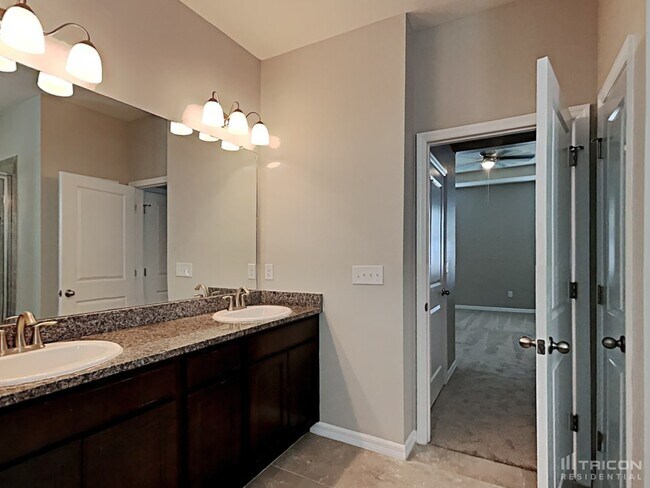 Building Photo - 12212 Legacy Bright St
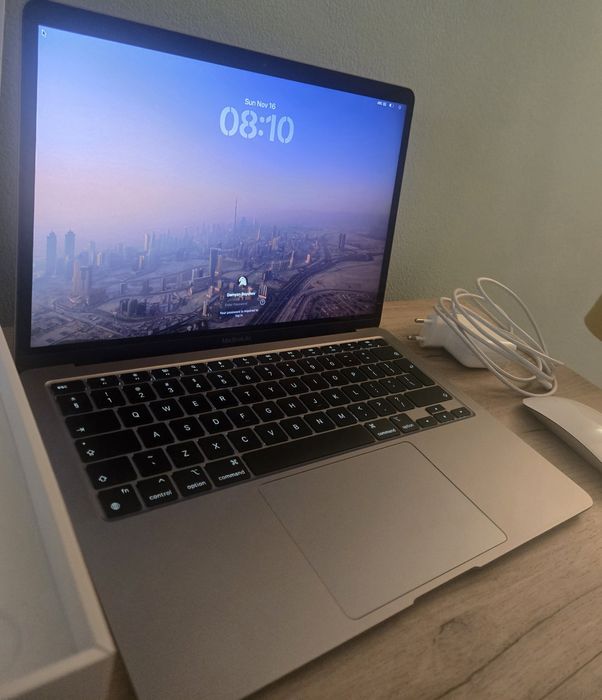 MacBook Air M1 • 8GB/256GB • + Magic Mouse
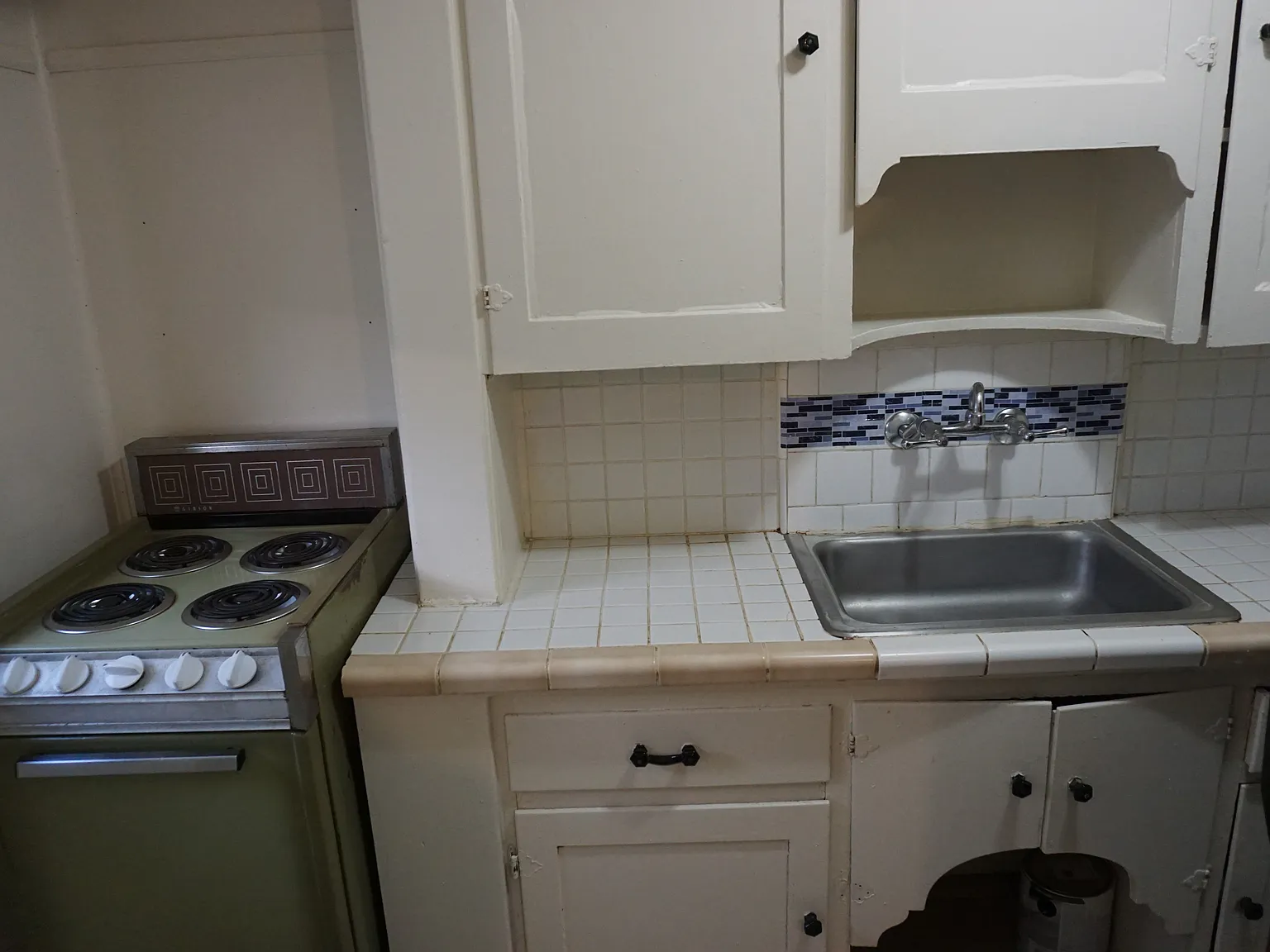 Studio, $995 — Photo 4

§

* TASK TO COMPLETE
What is needed is the listing above, repeated verbatim, without its images.

* REPLY TO THE EXERCISE
 Building Photo - 12212 Legacy Bright St
 MacBook Air M1 • 8GB/256GB • + Magic Mouse
 Studio, $995 — Photo 4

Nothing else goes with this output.